Families who own a farm or are in the farming business may face difficulties when they begin to plan how they will pass their farm on to their family members. Many farming families struggle with how to treat all their heirs fairly while still accomplishing their specific goals of preserving the family farm. This difficulty is enhanced when some of the heirs are more interested in farming and preserving the farm while other heirs may not be as familiar or interested in farming practices.
Initial Temptation to Give Farm to the “Farm Child”
If you are a farming family, your initial temptation may be to give the farm to the farming-inclined heirs and give your liquid assets to the other less farming-inclined heirs. However, it is beneficial to consider distributing residual mineral future development in underground environmental rights in equal portion to each child. Many people in this situation consider severing off oil, gas, and wind resources to protect against one child receiving the “winning lottery ticket” and the other child getting nothing.
An Example of a Farm Bequest in Virginia
For example, a family owns a hobby farm in Powhatan, VA that has chickens, a few cows, horses, pigs, and other heritage livestock and they grow their own vegetables on their land. If the family sold this farm, it would sell for $450,000. The family comes to an estate attorney and tells the attorney they want to pass down the farm to their farming-inclined child (Child A) and want to give their IRAs, stock, and other liquidated assets, which total $350,000 to their other child (Child B). From the family’s perspective, this situation is a win-win because their children are getting relatively equal dollar amounts and the farm remains within the family. However, Attorney Van Smith has seen many twists and turns with this approach, which result in the children receiving unequal shares of the family’s assets. For example, Child A may end up selling the farm, which will cause him/her to become wealthier, causing some resentment from Child B. Alternatively, Child A may continue to maintain the farm, but may sell the mineral and environmental rights on the farm, thus creating a vast disparity in the wealth that Child A and Child B have received.
Divide the Mineral Rights with the “City Child”

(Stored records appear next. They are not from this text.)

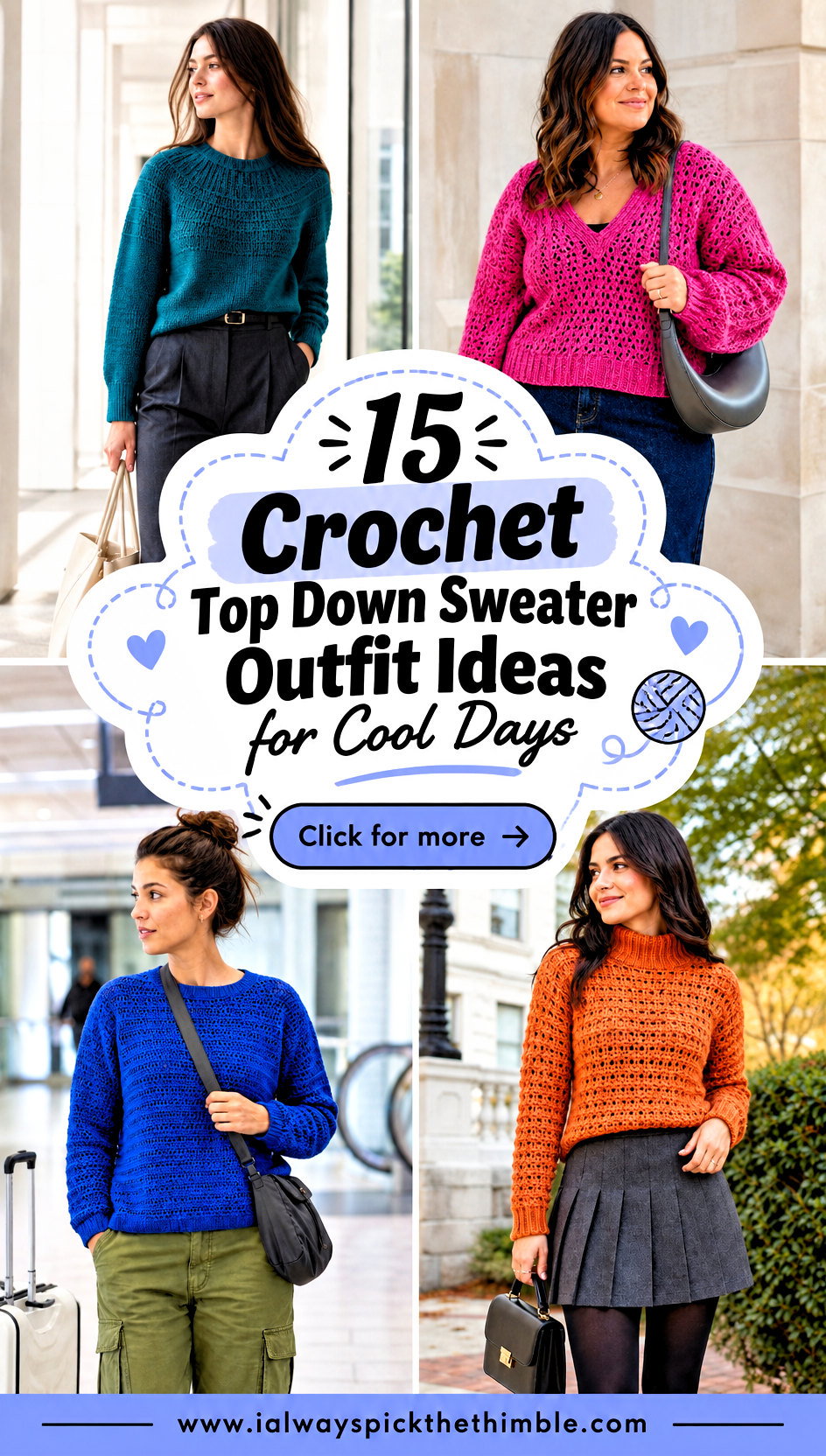 15 Crochet Top Down Sweater Outfit Ideas for Cool Days - 15 Crochet Top Down Sweater Outfit Ideas for Cool Days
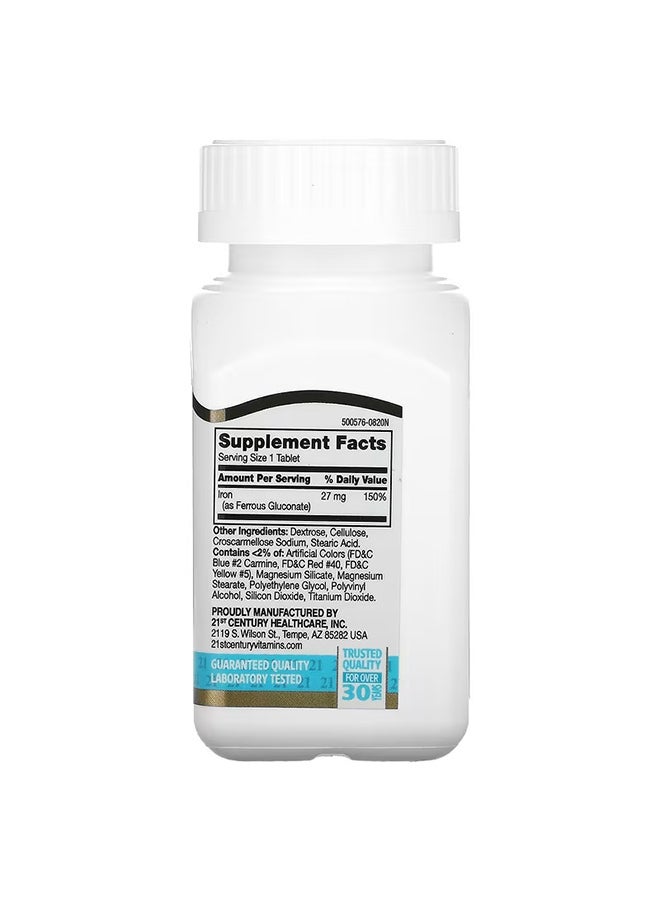 21st Century Iron Mineral Supplement 27 mg - 110 Tablets - Image 2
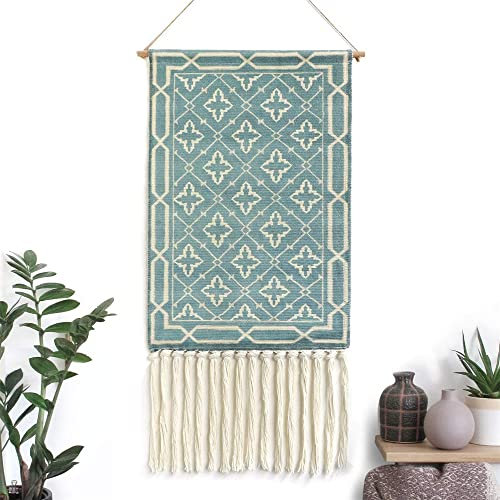 BMIDRUT Tapiz de macramé tejido para colgar en la pared, decoración bohemia para el hogar, telón de fondo bohemio para apartamento, dormitorio, puerta, decoración de 50 x 85 cm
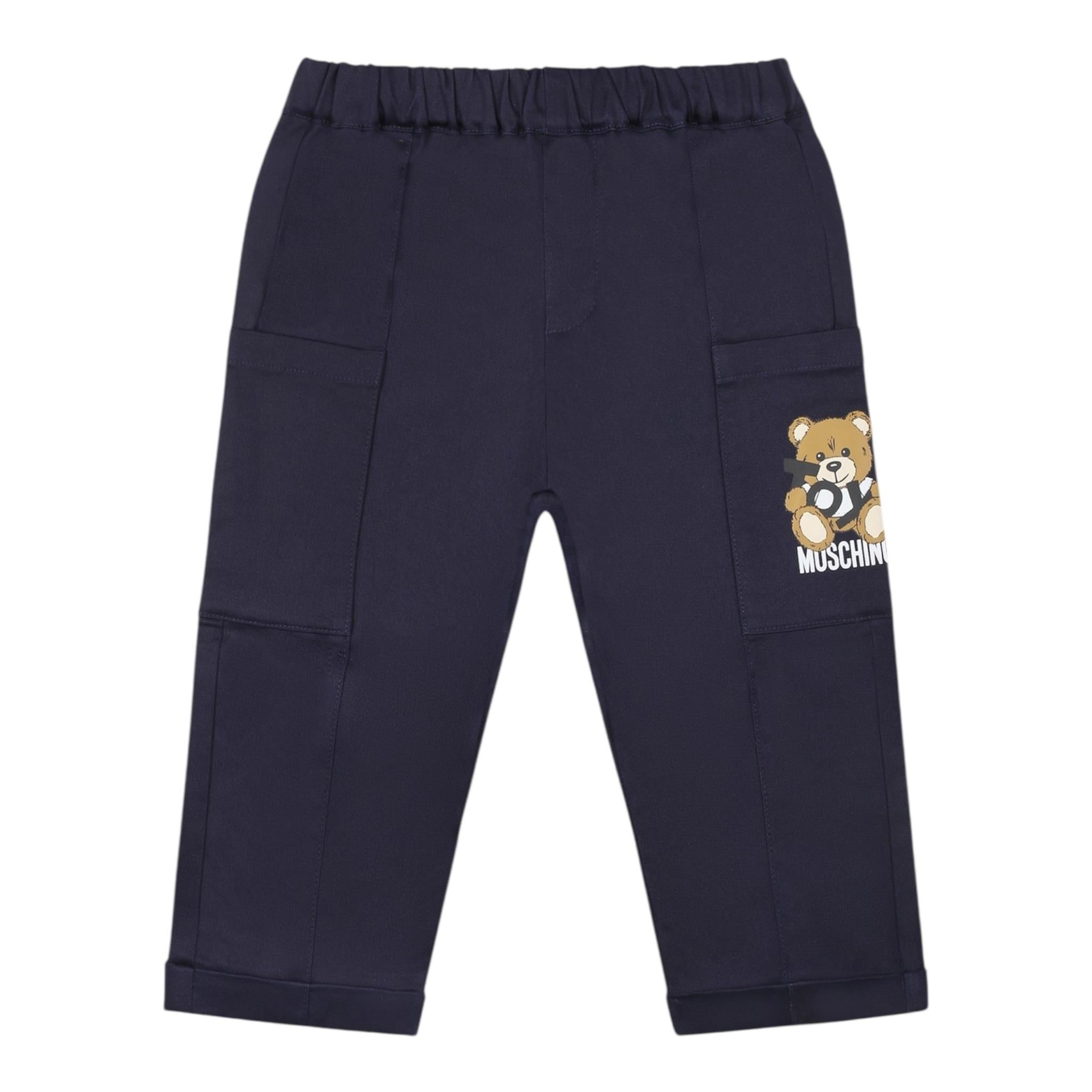 Moschino Pantalone Tinta Unita con Elastico In Vita per Neonato MUP05CN BLU MOSCHINO 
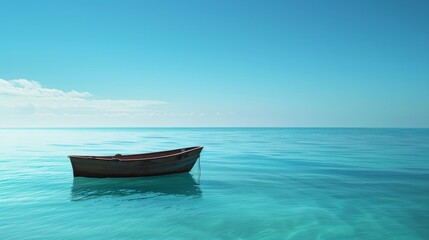 Fototapeta premium Beautiful sea scene with a single boat against the blue sky. The calm waters and wide sky create a tranquil and picturesque landscape. A single boat adds focus and a sense of scale to the composition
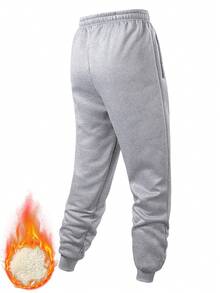 Calça de Moletom Casual com Forro Térmico Reforçado para Homens, Outono e Inverno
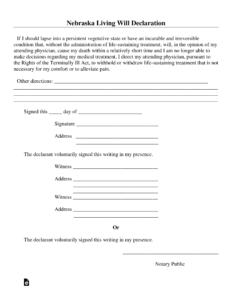 Free Nebraska Living Will Declaration Form PDF Word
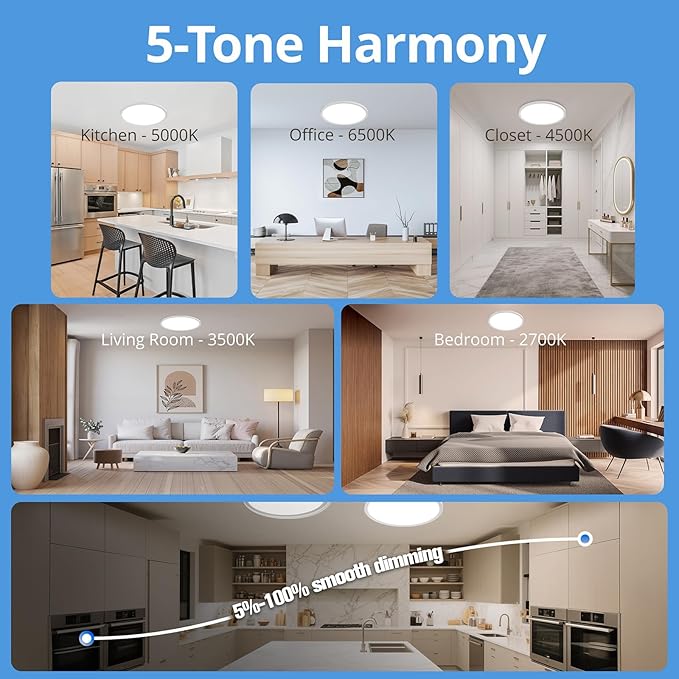 6-Pack of 12 Inch LED Flush Mount Ceiling Lights, 2640LM 24W Dimmable & 5CCT Adjustable, Ultra Slim Flat Lighting Fixture for Low Ceilings, Bedroom, Hallway, Basement, Apartment, White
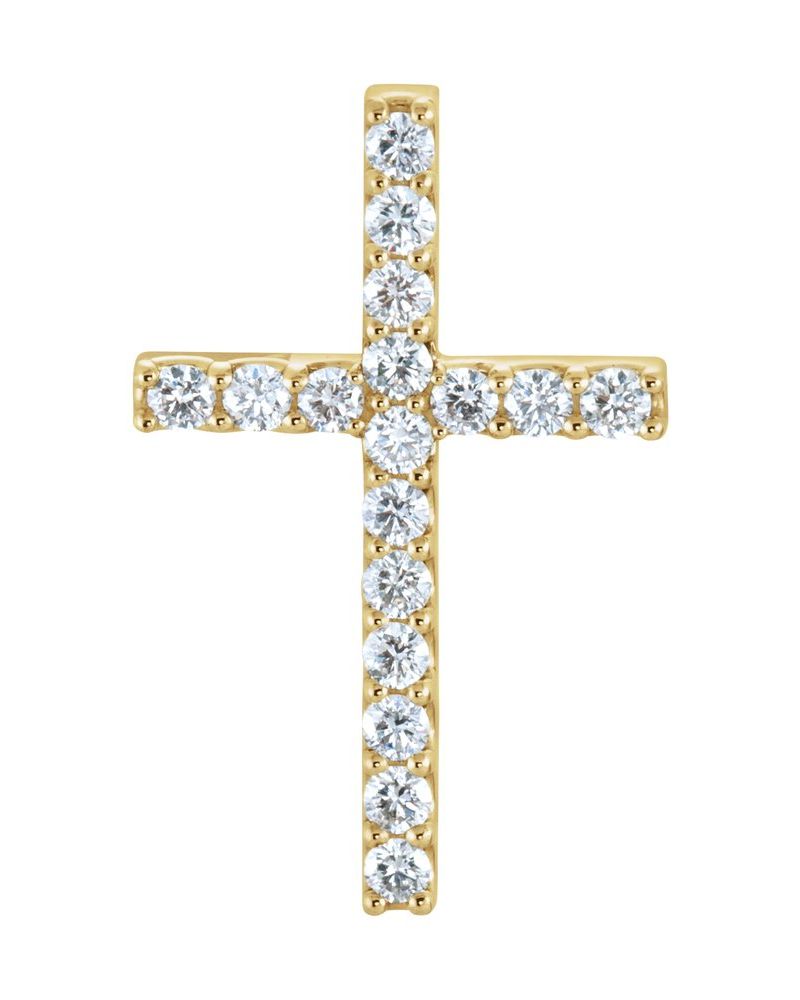 Pingente Cruz Delicado em Ouro 14k com Diamantes de Laboratório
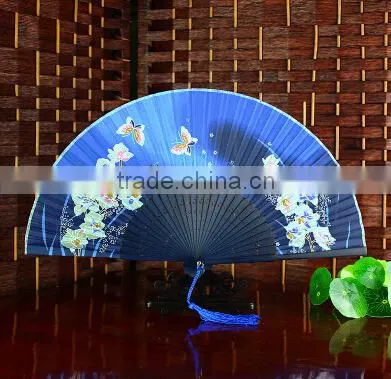 China plastic Hand Fan/Embroidered/ Ladys Silk Dance Fan for Event Party Supplies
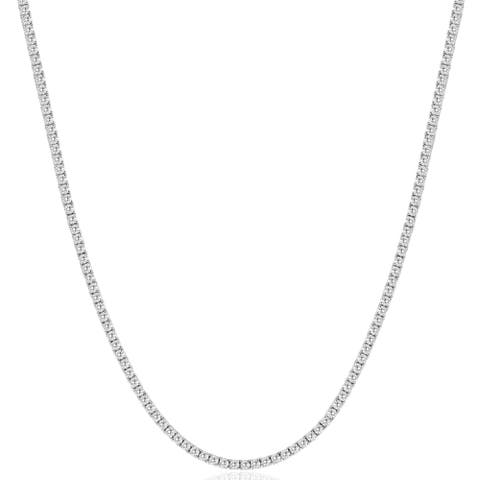 8Ct TW Diamond Tennis Necklace 4-Prong 14k Gold 16" Lab Grown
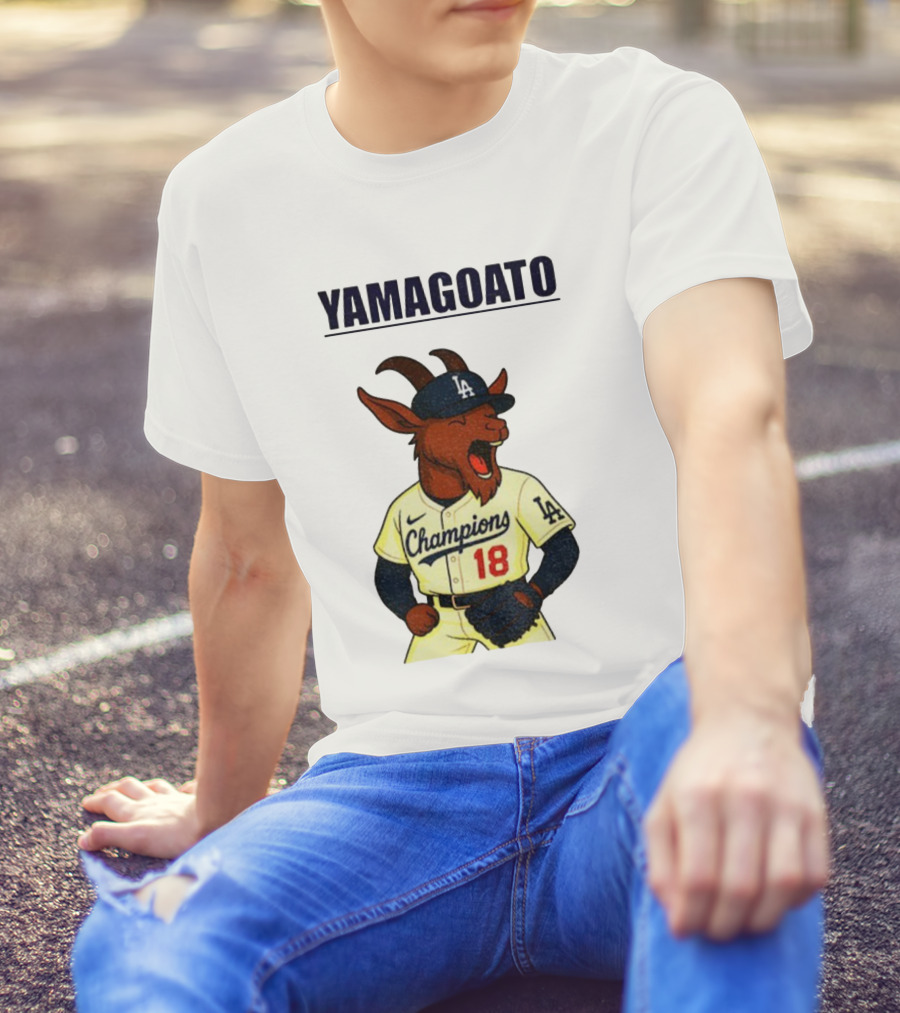 Yamagoato Yoshinobu Yamamoto 18 Champions Los Angeles Dodgers MLB Baseball T-Shirt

Therefore, in order to ensure that both children receive equal shares, Attorney Van Smith suggests that the parents consider giving Child A exclusive use and ownership of the farm (as long as he/she uses the farm for its intended purposes) and divide the sale of mineral and environmental rights equally between Child A and Child B. In terms of liquidated assets, Child B should receive the majority, but Child A should receive some liquidated assets in order to maintain the farm.